死ぬ気で、殺す気で、相手が強かろうが弱かろうが、関係なしに患部なきまでに叩き潰す。
それが如月風雪という男。
「つーわけで、俺らは怪我をしないように適度に本気をだしながらテキトーに大会に望みましょー」
「…賛成…」
「同感です」
最も、その熱い意志を読み取ったとしても、この3人が動くわけもなく、のんびりと、紅茶を啜りはじめた。

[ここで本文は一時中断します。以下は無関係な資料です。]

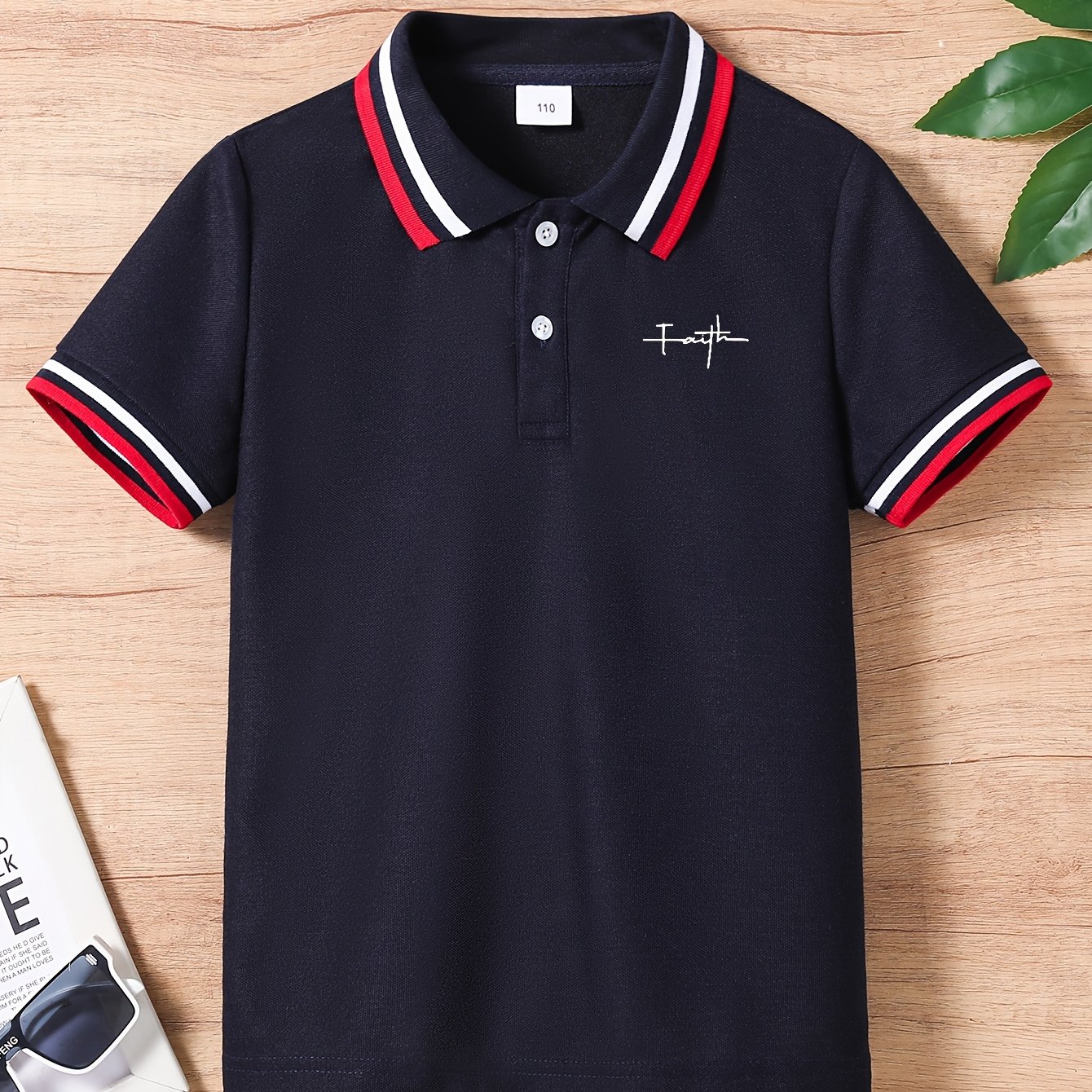 ' Summer Fashion Shirt With "" Letter Print - Casual, Sporty, Red & Gray Short Sleeve Top With Ribbed Detail, Machine Washable For Boys
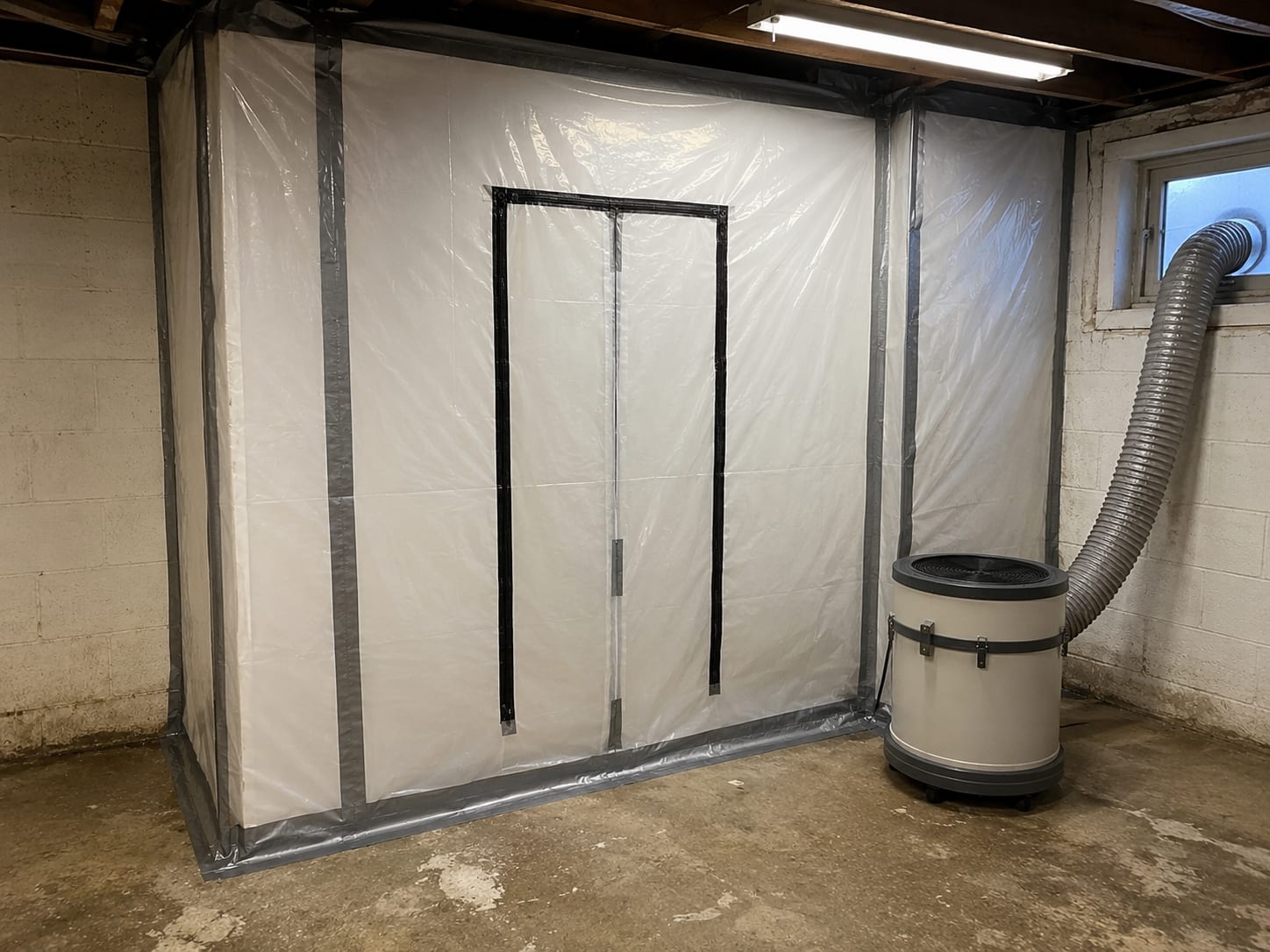 Sealed containment area inside a New Jersey home basement with polyethylene sheeting and a HEPA negative-air machine during active mold remediation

如月の狂喜などに当てられて疲れ果てた奴らはどこかへ行ったかのように、その様子は自然で、姫に至ってはケーキを食している。
それは、幸せなとある一日。
何百日と続く中で起こった小さな幸せと、大きな不幸。
こうして笑い合えたのは、きっと小さな幸せ。
そして、こうして如月風雪という男と3人が出会ったのは、出会ってしまったのは、きっと大きな不幸。
出会わなかったならば。
そうすれば、なにかが変わっていたのだろうか。
これが本当の始まり。
悪夢の、1番最初。
「……手紙」
「ん?姫、手紙入ってたか?」
空が赤く染まり、がやがやと訓練する爆発音やらが学校中に響く放課後、やはり練習の「れ」の字も見せない3人は真っ直ぐと寮へ帰ってきていた。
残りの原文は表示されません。